Data provided

************

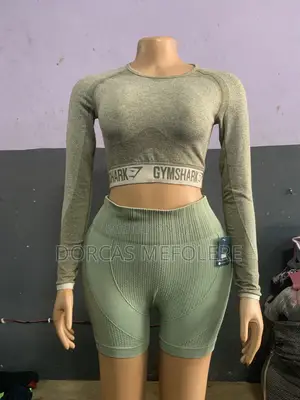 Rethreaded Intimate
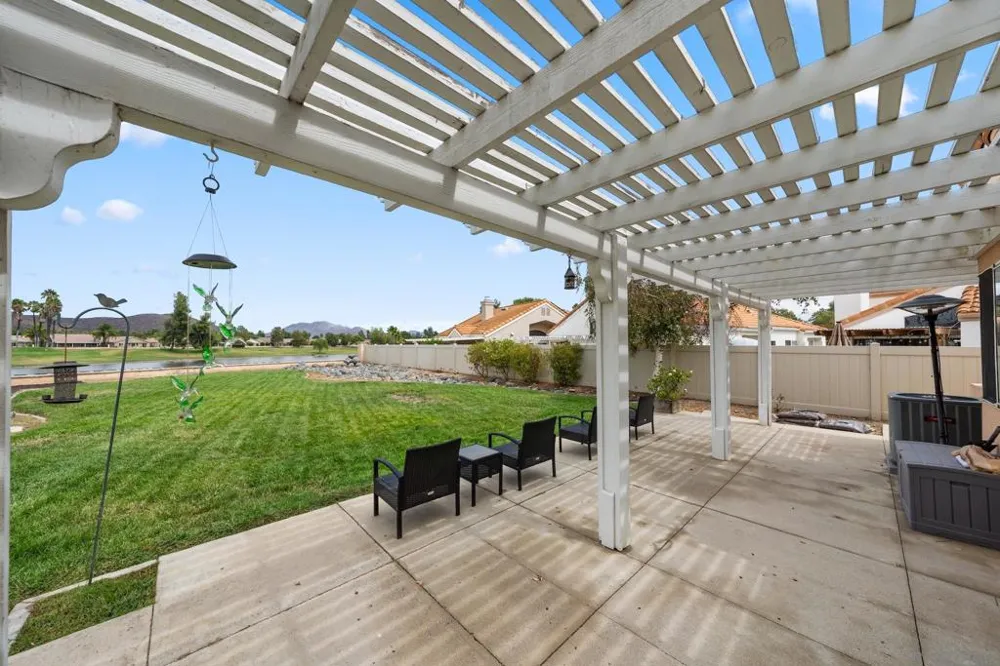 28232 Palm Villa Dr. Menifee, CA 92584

************

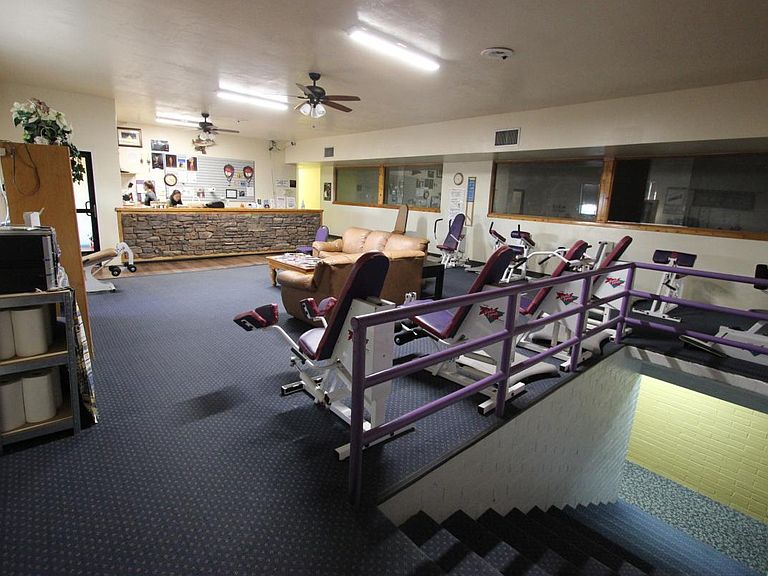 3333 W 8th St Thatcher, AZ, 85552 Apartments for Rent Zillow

************

Activity
Your reply should consist solely of the lines above from the line containing "Rethreaded Intimate" up to and including the line containing "28232 Palm Villa Dr. Menifee, CA 92584", reproduced exactly, minus the pictures.

Exercise response
 Rethreaded Intimate
 28232 Palm Villa Dr. Menifee, CA 92584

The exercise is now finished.